Second-time buyers still seeing toughest market for decades
The problems faced by first timers attempting to get into the UK property market have been well documented over the last year. However, there are also sizeable problems facing those looking to move out of their first properties for sale and into a bigger house when it comes time to upgrade.
According to a new study which has been carried out by Lloyds TSB, second-time buyers are still facing some of the most sizeable issues surrounding the property market because of the fact that the price for their own home is so low, leaving them with negative equity and a lower chance of being able to afford their next house.
The fact that there are also a much reduced level of first-timers looking to move into the market is also causing issues, as it means there is less demand for houses traditionally bought by first timers, cutting the natural flow of the market and reducing the number of second-time buyers who can afford to move to a larger property.

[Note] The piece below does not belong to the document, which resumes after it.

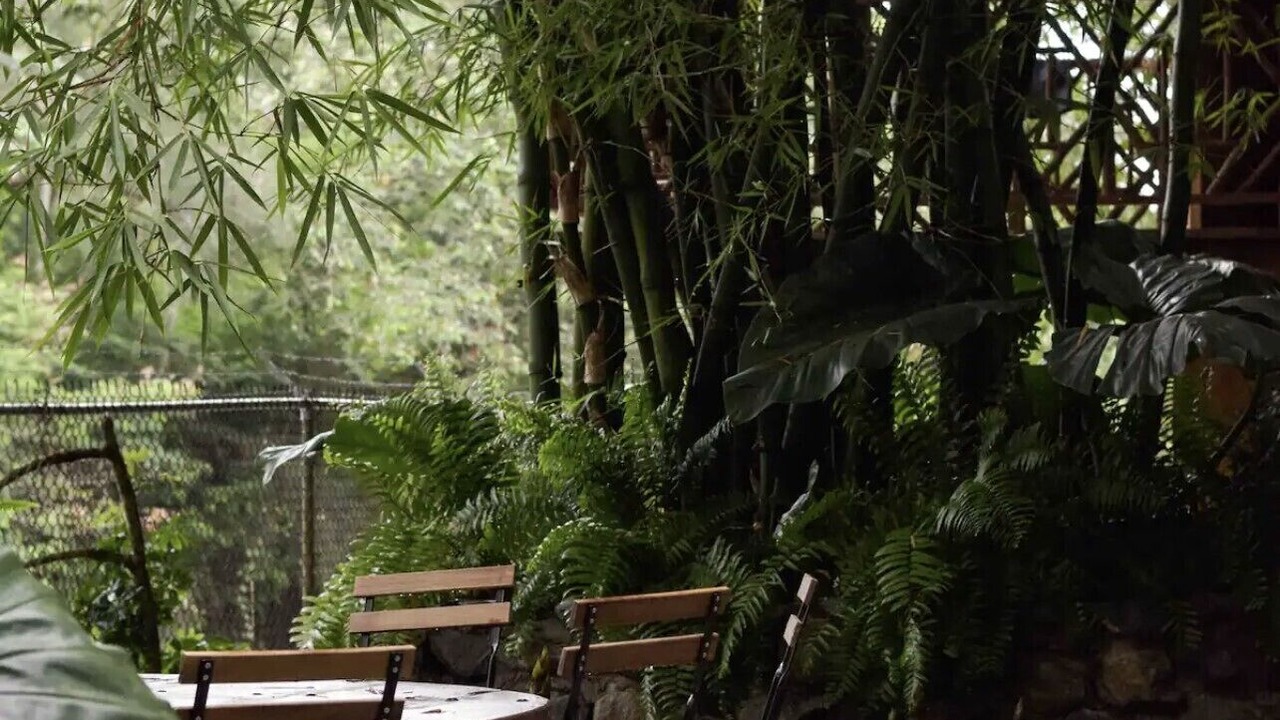 Photo of Outdoor in La Joya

The study discovered that the proportion of buyers who are moving from one house to another is now at its lowest level since 2001.
It was also found that the amount of equity that people come out of after selling their first house now amounts to just five per cent, compared to the average of 44 per cent that was seen in 2005.
Suren Thiru, housing economist at Lloyds TSB, said: "It is clearly very concerning that the challenges facing those attempting to take their second step on the housing ladder are the toughest for more than a generation. This follows the significant decline in house prices over recent years and the subsequent erosion of equity among those who bought for the first time at close to the peak of the market."
"The current problems facing second steppers have serious implications for the wider housing market, creating a bottleneck that significantly limits the number of homes available to first-time buyers."